About PlumBoard
PlumBoard is a task management system for humans and agents.
Design principles
Simple
Create, update, and delete tasks. Assign tasks to owners. Track task status. Add comments and attachments.
Ergonomic for humans
Web app with a visually simple graphic user interface that is easy to use and empowers advanced users with keyboard shortcuts.
Ergonomic for agents
Command line interface that supports structured JSON output, full UUIDs, schema introspection, dry runs, and field filtering, as well as an accompanying skill file that guides agents on how to use the CLI.
Open source
The code is open source and available on GitHub.
Why I built it
1. I want cloud-based state for local agent work
Too much planning and context in coding-agent workflows is session-scoped and locally scoped. That is inconvenient when the work should persist, be shareable, or remain available across machines.
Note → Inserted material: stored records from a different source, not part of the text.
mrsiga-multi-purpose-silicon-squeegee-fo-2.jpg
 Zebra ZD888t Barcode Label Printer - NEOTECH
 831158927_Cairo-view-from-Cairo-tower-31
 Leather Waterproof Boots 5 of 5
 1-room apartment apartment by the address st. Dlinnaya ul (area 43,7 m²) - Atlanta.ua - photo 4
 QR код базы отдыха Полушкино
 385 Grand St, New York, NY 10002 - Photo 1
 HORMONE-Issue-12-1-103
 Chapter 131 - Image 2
Extending PlumBoard into a cloud-based state layer for ongoing agent sessions solved a real problem I had myself.
2. CLIs + skill files feel like an important new interface
A GUI is still the right interface for humans (I think?), but a CLI plus a skill file may be the right interface for software's newest and soon-to-be biggest user groups: agents.
Building PlumBoard to work seamlessly for agents via a CLI with skill file instructions was both practically useful and a fun way to get hands-on experience with this new interface pattern for agent-driven software.
One article that helped shape that thinking, and CLI design, was "Rewrite your CLI for AI agents" by Justin Poehnelt.
3. The human-agent collaboration layer is interesting
What I find most interesting is designing a product at the intersection of human and agent collaboration. At its core, PlumBoard is a task management system that can work among humans, among agents, or across both at once. The GUI serves human workflows. The CLI serves agent workflows. That dual interface feels like a pattern we are likely to see much more of, and PlumBoard has been a useful way to explore it in practice.